Given that only 31 lawmakers stood up to protest and bring attention to the inherent flaws in the voting process, I began to wonder why this issue was not important enough to compell all 44 Democratic Senators and 211 Democratic Congresspersons to take this stand.
I've worked in government positions for most of my career at the Federal, State and Municipal levels, where I've had responsible positions that involved policy implementation and development, enforcement and monitoring oversight involving governmental rules and regulations. I did the work, but I never held a title like "Deputy Director" or anything like that. My supervisors were the ones who held the title - yet we on the grunt line actually did the work. Many of them never got their hands dirty in the field like we did, and frequently had no concept of the mission of the Agency or the work we were charged to do; usually the title and the job was a political perk of supporting an individual in political office.
I've begun to think that our elected officials, regardless of party affiliation, just want the title and privilages that go with being called "Assemblyman", "Congressman" or "Senator". They don't want the job of having to actually sit down and read proposed legislation and thinking about what they read in terms of providing an analysis of it.

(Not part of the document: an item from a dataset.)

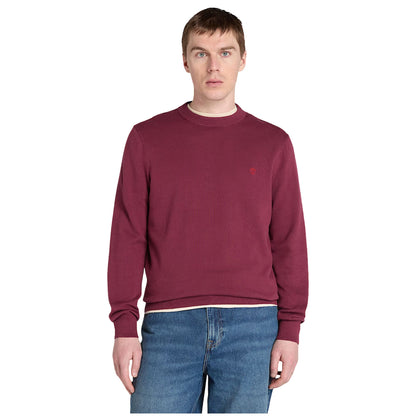 Maglione Uomo in cotone Williams River Bordeaux modello frontale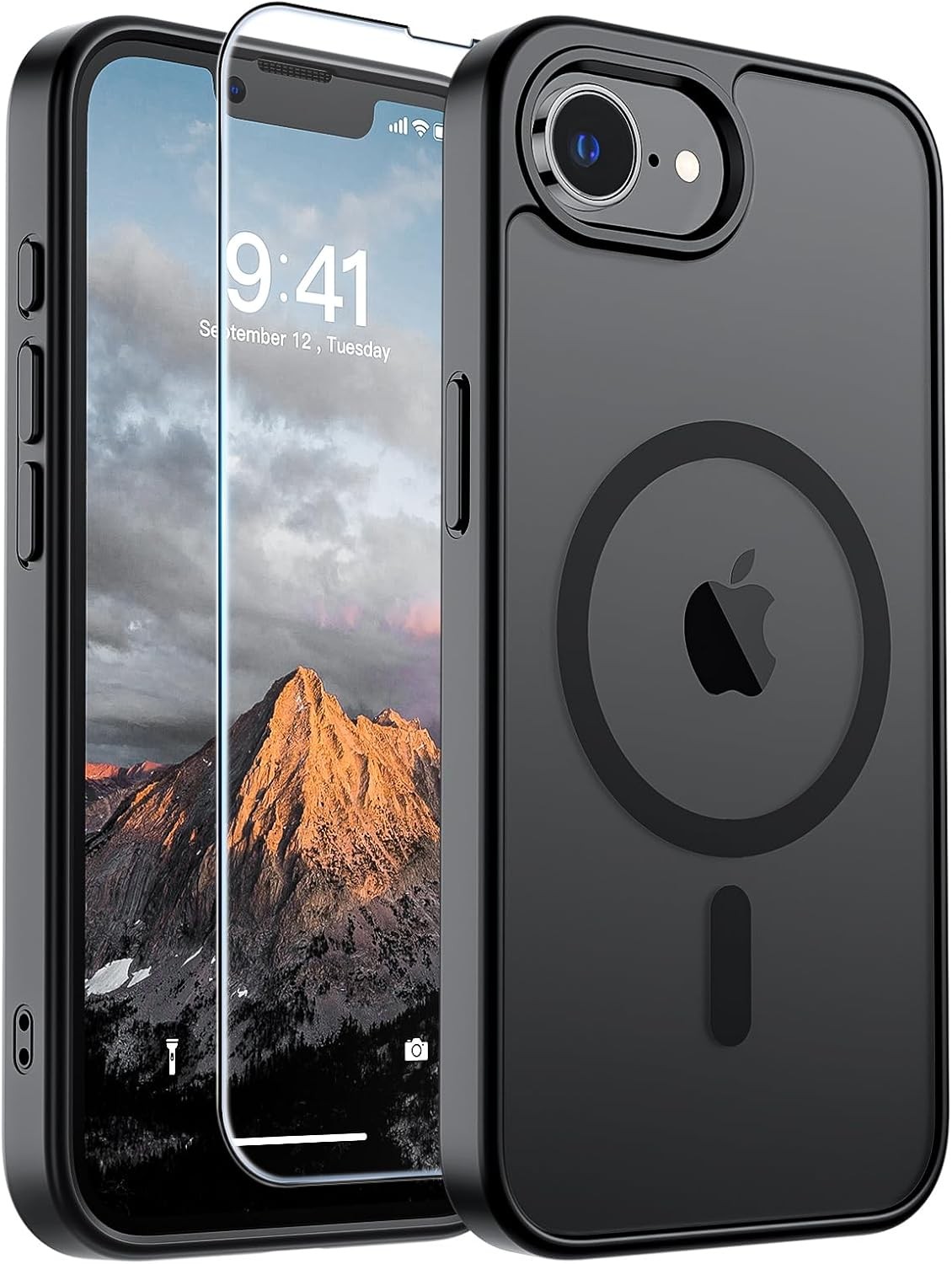 Black Magnetic Case with Screen Protector for iPhone 16e/17e, Military Grade Pro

Yes, I know they have staff people who do the reading and research. But the staff person isn't the elected official. Even after the staff person reads and analyzes proposed legislation, the elected official shouldn't let it rest with his policy person - they should be providing feedback and analysis of their own. It's not like they don't know how; most of our elected officials are law school graduates, or college-educated in some field which requires them to know how to engage in critical thinking and analysis. We may like how they look - but we expect them to represent our interests by being able to engage in the critical thought and debate process, otherwise, why should they bother?
Some lawmakers actually demonstrate they do the job for which they were elected, like Stephanie Tubbs-Jones, John Conyers, Mel Watt, and others. I noticed during the Ohio election debate, the members of the Congressional Black Caucus arguing the voting process, presented the facts in evidence like an attorney would do. Not surprising, since all of them were either lawyers, and/or judges in a previous life before being called to serve in public office.
Other members of Congress do anything to hang on to their office, and that includes often going against the best interests of the people they purport to represent. Last night, on the Bernie Ward Show here in the Bay Area, Bernie asked the question "I wonder if the elected official fears actually having to go out and get a real job if they lose their seat? I think they are actually afraid that they can't do any other job except hold public office..."
Currently, the DLC has members who not only have done squat in their current office, but actually have the audacity to aspire for higher political office, where they can continue to do nothing, and have a longer period of time in which to do it, too. Our democracy, what's left of it, can't afford elected officials who want the title, but not the job.
It will be up to us, the people to call our elected officials on this and vote them out when they don't respond. For too long, we've paid the price of not holding our elected officials accountable and not getting a return on our investment of our vote. I refuse to remain silent - I hope you would, too.